[Image-text web data]

=== Begin Enclosure ===

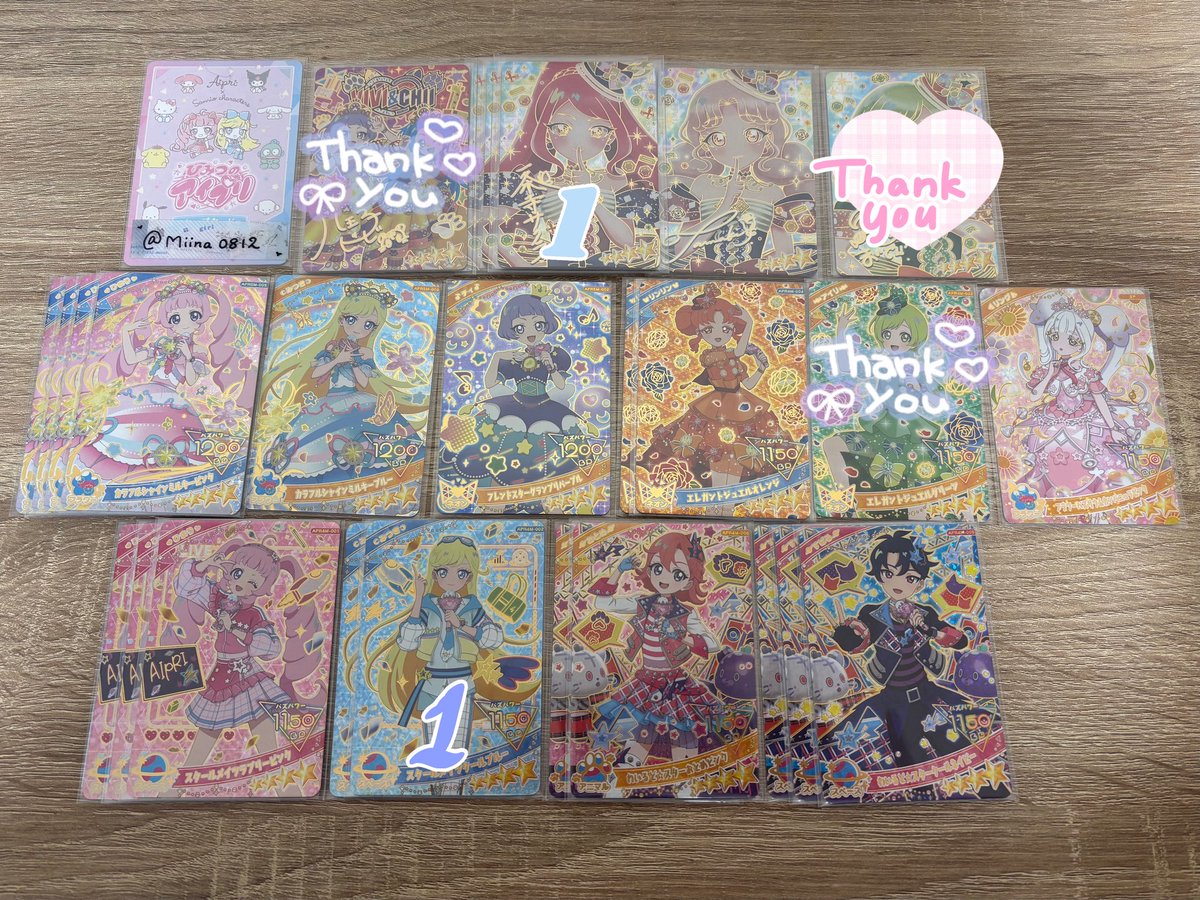 Miina0812's tweet photo. 【譲渡・交換】
ひみつのアイプリ アイプリ 交換

譲）画像1～4
求）リプ＞つむぎサイン＞グミカ☆4
未所持つむぎ☆4
※ ALT記載あり

サイン同士交換優先
比較違い◎

白欠け等チェックしてはおりますが、素人目線のため神経質の方はご遠慮下さい。

検索からお気軽にお声掛けください
 #アイプリ交換 https://t.co/y47epKKtMi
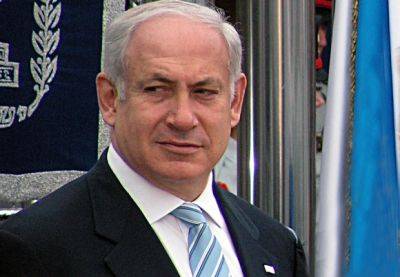 Биньямин Нетаниягу - Администрация Байдена требует разъяснений по поводу заявлений Нетаниягу - mignews.net - Израиль - Сша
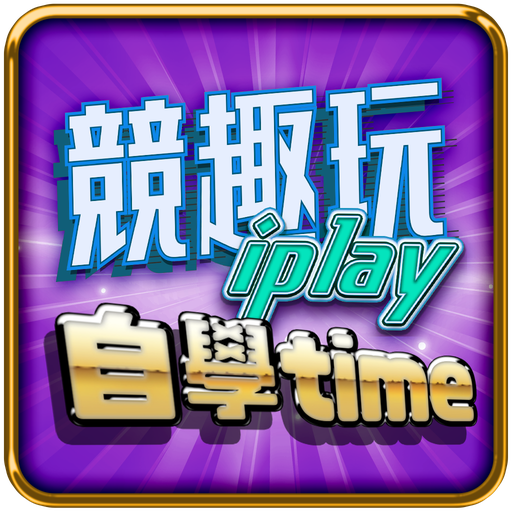 台南自學平台 logo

=== End Enclosure ===

■ **Work to be completed**: With the images left out, output all the entries above exactly.

■ **Output of the task**:
 Miina0812's tweet photo. 【譲渡・交換】
ひみつのアイプリ アイプリ 交換

譲）画像1～4
求）リプ＞つむぎサイン＞グミカ☆4
未所持つむぎ☆4
※ ALT記載あり

サイン同士交換優先
比較違い◎

白欠け等チェックしてはおりますが、素人目線のため神経質の方はご遠慮下さい。

検索からお気軽にお声掛けください
 #アイプリ交換 https://t.co/y47epKKtMi
 Биньямин Нетаниягу - Администрация Байдена требует разъяснений по поводу заявлений Нетаниягу - mignews.net - Израиль - Сша
 台南自學平台 logo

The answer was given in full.